Tibetan pig is widely known for its tolerance to disease and strong adaptability to the harsh Tibetan environment of low oxygen levels and changeable temperatures (Li et al., 2005). But this research has showed that there are still many piglets with the E. coli disease, the main reasons might be that management does not reach the designated position, weak consciousness of prevention and controling disease in local farmers and herdsmen or the high altitude and large temperature difference between day and night, which can easily drop the immunity level of piglets, causing the occurrence of E. coli disease. In addition, the soil and water contaminated by the feces in the environment is the important reason that lead to the diarrhea; moreover, nutritional factors, sanitary conditions and environmental factors can also lead to this condition. In this region free grazing and feeding systems are adopted therefore, more liquidity among pigs thus increases the spreading opportunity for E. coli diseases (Johanna et al., 2014).
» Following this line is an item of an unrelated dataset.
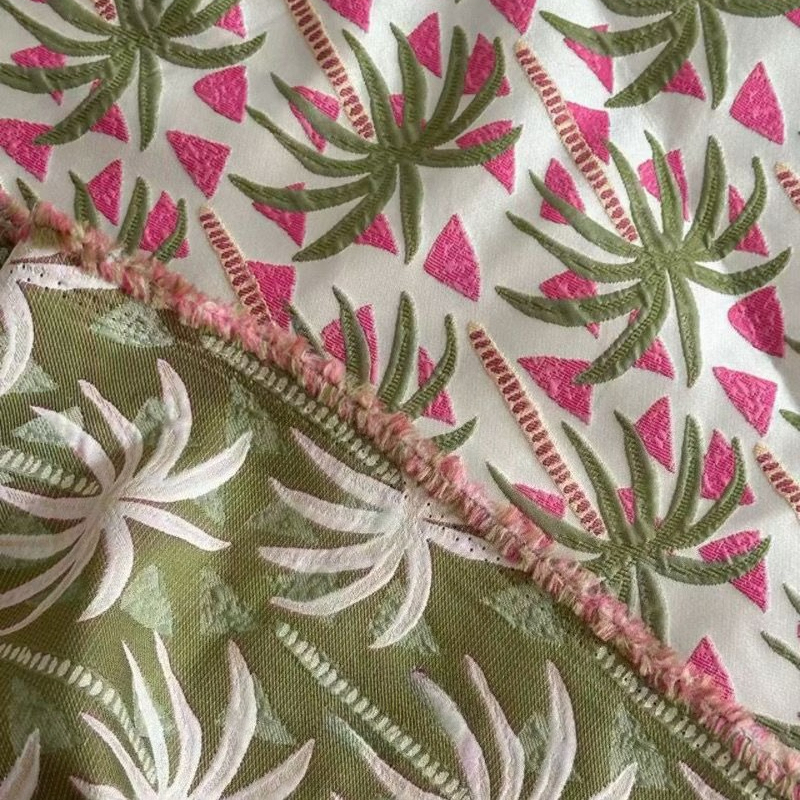 Chinese Style Dyed Jacquard Cu - Home Textiles Design reseña y precio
It is suggested that, so herein we suggest some measures should be taken prevent and control the E. coli infection. Initially, it is important to improve the management of swine breeding to decrease spread of disease from direct contact between healthy and diarrhea pigs. Furthermore, regular disinfection is necessary to use for piggery and isolation of infected pigs correspondingly during outbreak of disease. Lastly, authorities should set a strict policy for the prevention and control of disease to spread from one place to another.
Acknowledgment
This study was supported by Key Science Fund of Science and Technology Agency of Tibet Autonomous Region, Twelfth Five-Year National Science and Technology Support Project (Grant No. 2012BAD3B03).
Statement of conflict of interest
Authors have declared no conflict of interest.